Mr. HOGAN. I would in response to that statement, I would say that Congressman Nelsen with his helpers probably said that did not occur, and that is nonpartisan.

He fought long and hard for nonpartisan sanction elections and I think quite frankly that had you had nonpartisan elections in the District of Columbia you would not have been talking about it at this time, about the upper limits, because I think a nonpartisan election, I think you probably would agree that generally your limitations wouldn't be as serious a problem. And not only that, but you would be or would have all of the voluntary help, and the participation of the Federal and local employees that-would not you agree?

Mr. WELSH. I understand the argument and I feel closely to it. My concern and the union's concern is the District of Columbia making the rule process work.

I think in fact what is going to occur is that after the first election even though it may retain the ability of partisan reelection, that you will in fact find a reorganization of parties. They will put a nonpartisan label on their operations for purposes of municipal elections, and that you will not find the two major parties competing in the District of Columbia after this first time, but there is a proliferation of other parties. And I suspect that this will happen.

I think it takes a little time unless this Hatch Act situation which, in fact, is clarified.

The tragedy is that the janitor in the school building can be a precinct chairman and participate in the Democratic primary. The janitor down at the City Hall cannot do so and it is just a problem of government employees having nongovernment employee status. It is foolish how the Act is applied and it doesn't apply to educational people. It has no relationship nationally or in the District of Columbia to logic and it is increasingly a problem nationally.

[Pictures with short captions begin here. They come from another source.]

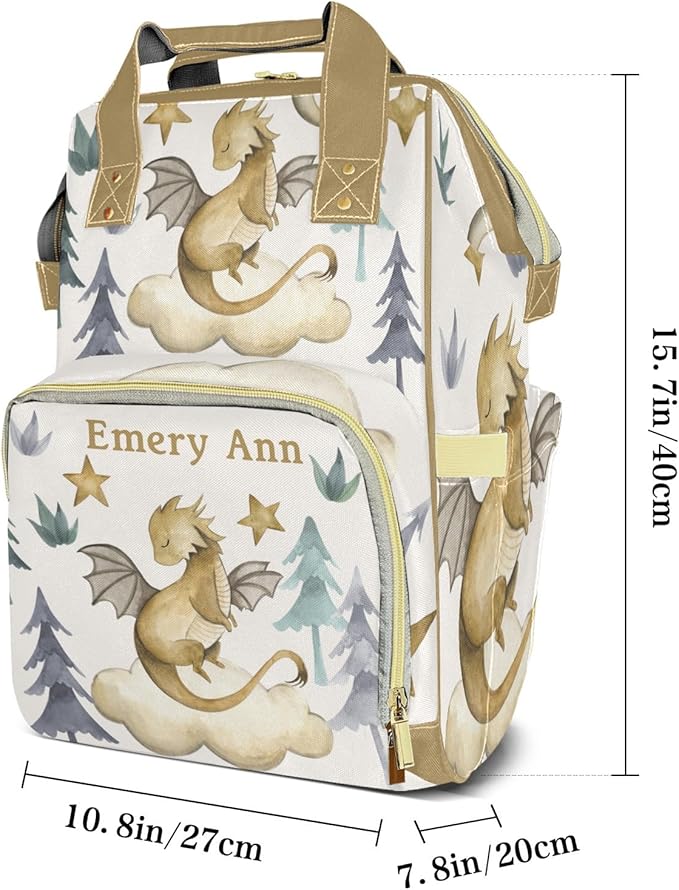 Personalized Cute Dragon Watercolor Custom with Name Diaper Bag Backpack For Baby Boy Girl Dad Mom Unisex for Adult Daypack Holiday Gift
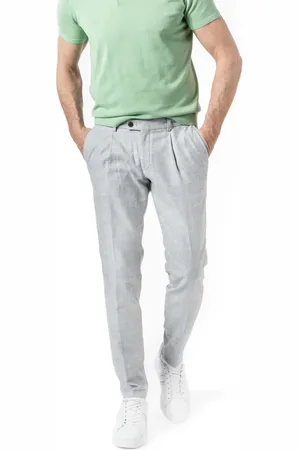 Hiltl Bundfaltenhose Troia, Modern Slim Fit, Schurwolle, hellgrau meliert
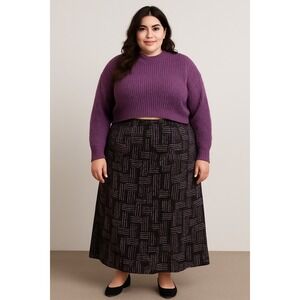 Whimsigoth Dark Fairy Emo Grunge 4X Black & Purple Geometric Maxi Skirt Career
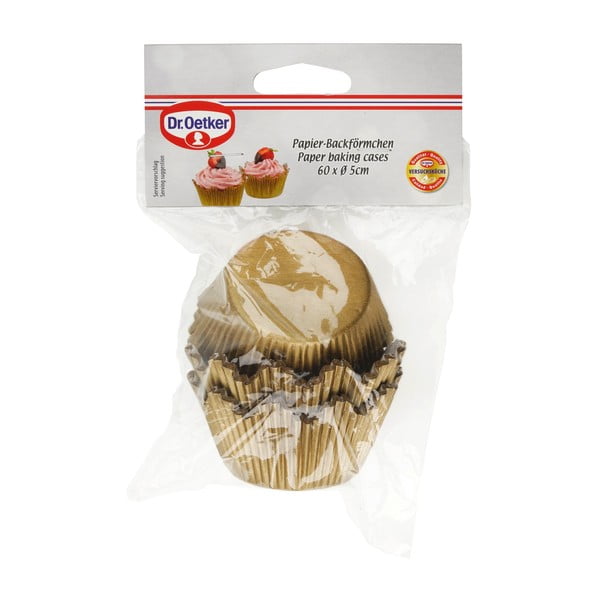 Set 60 coșulețe din hârtie pentru copt Dr. Oetker Gold, ø 5,5 cm, auriu-image-3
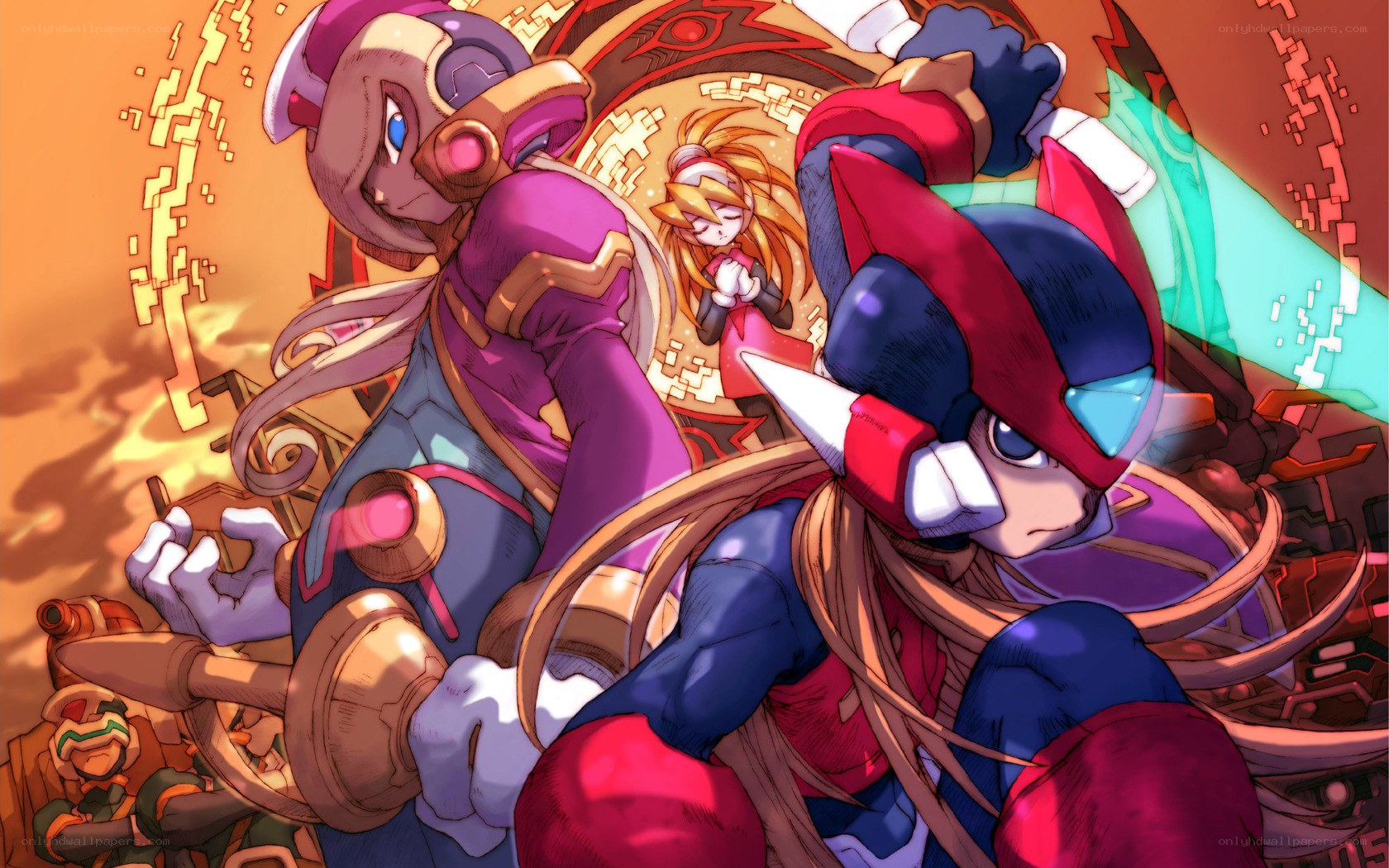 Mega Man Zero and Ciel in battle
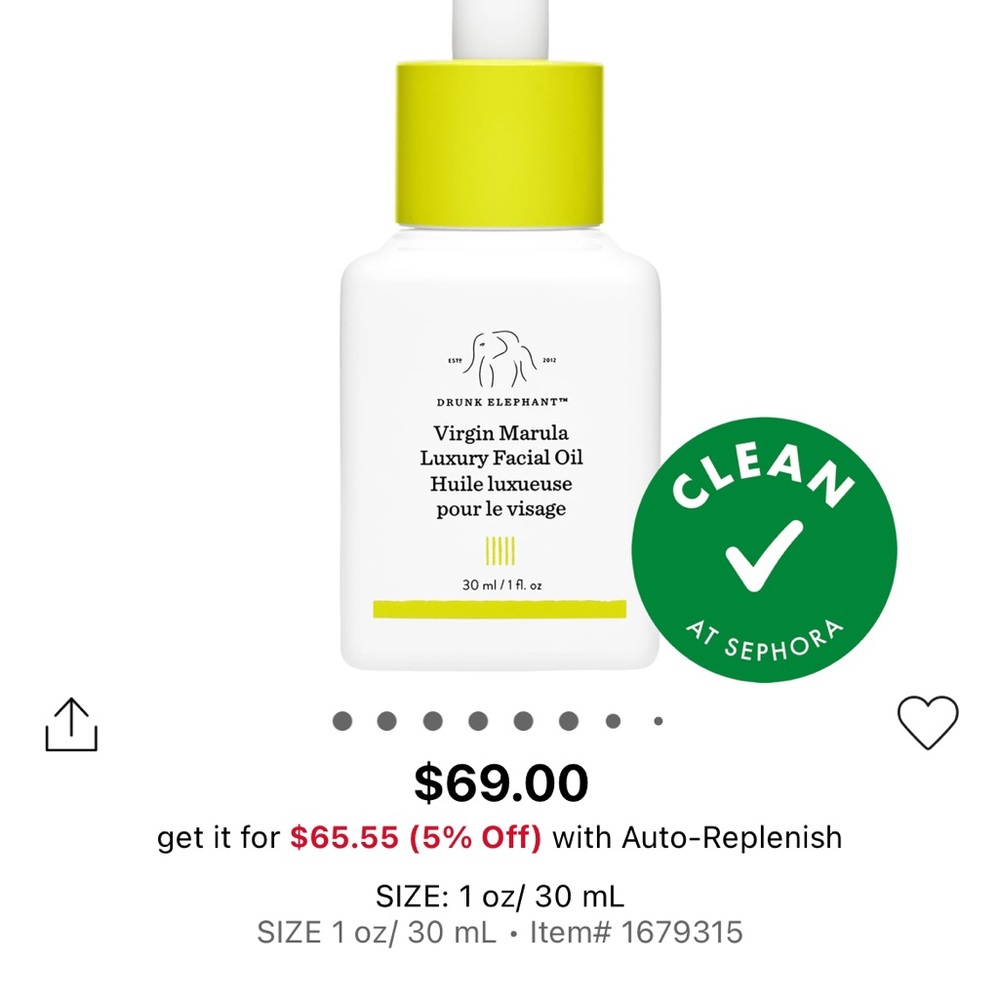 Drunk Elephant Virgin Marula Luxury Facial Oil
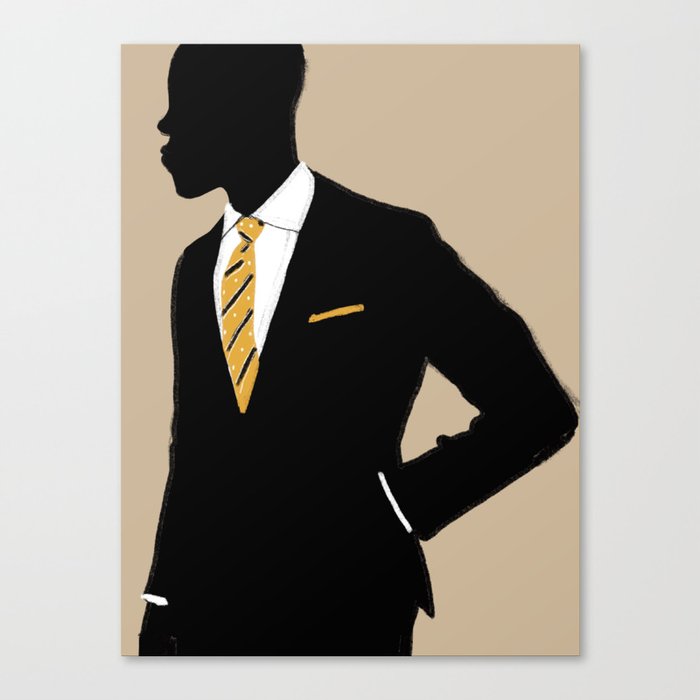 Man in suit wearing yellow tie - Masculine art Canvas Print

It is just the sort of problem that comes to the surface in the very people. it has no relationship nationally or in the District of Columbia

STUDY OF 1974 ELECTIONS

Mr. HOGAN. As you know Mr. Welsh, the requirement of this bill is that there will be hearings after the 1974 elections looking to the operation of how this election procedure worked-all the procedures that took place during the election, how the candidates comported themselevs, this sort of thing.

It would appear to me that probably there would be some support for your position here of liberalizing the upper limits to see how they

worked in this particular election because obviously the local Council will change the procedures once they change the law, once this election is over; and they will have this wealth of examination of all of the things that went on during this election with which to build upon and it would appear to me that having some of the problems that have occurred by reason of differing points of view, that you would find some support on the minority side for legislating the limits.

Mr. WELSH. I think that when one adds up the fact of the restrictions to be placed on corporations and unions, if that is the way the Committee goes, when one adds up the fact the overall restriction on any individual or committee aggregate contribution, when one adds the restriction on the individual or committee's restriction to an individual candidate, you know, in the full disclosure aspect of this, that this so-called $100,000 limit on a city-wide election is sort of an artificial fact in terms of election reform and in terms of the public's protection-protection to the public and which should be the prime responsibility of those considering this participation.

Then the question becomes, is it adequate, do we have an artificially low level to permit the full communication with the voters and full organization of a new political life in the District.

That is essentially what we are doing in this selection.

Mr. HOGAN. You have your political action committees which I gather voluntarily collects by way of check-off by the union members

Mr. WELSH. We would like to have the check-off in the District of Columbia.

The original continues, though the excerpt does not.